-- GIVEN INFORMATION --

= Beginning of Section =

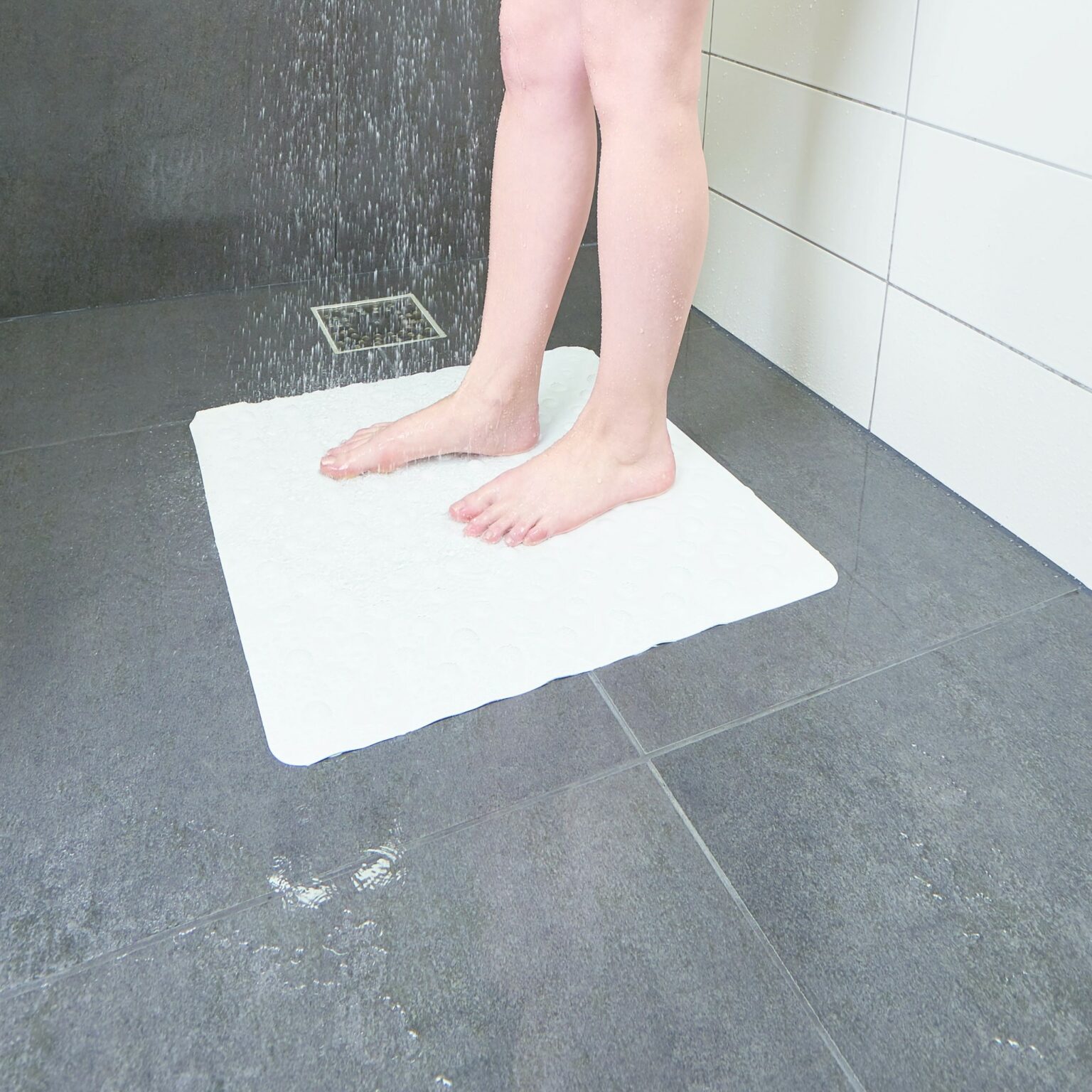 Veilig Douchen: Met Deze Antislip Tegels Voor De Badkamer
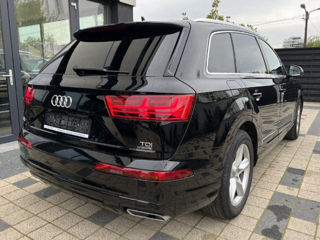 Audi Q7 foto 4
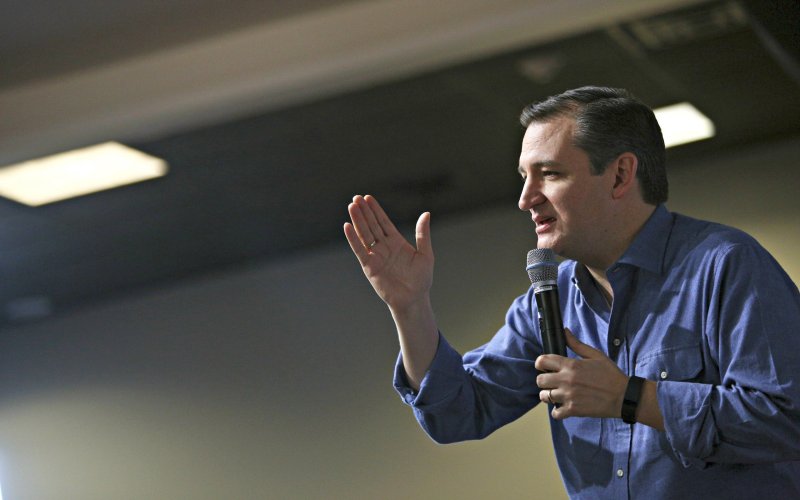 U.S. Republican presidential candidate Ted Cruz attends a campaign event in Windham New Hampshire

= End of Section =

Recopy the whole listing above precisely, excluding images.

 Veilig Douchen: Met Deze Antislip Tegels Voor De Badkamer
 Audi Q7 foto 4
 U.S. Republican presidential candidate Ted Cruz attends a campaign event in Windham New Hampshire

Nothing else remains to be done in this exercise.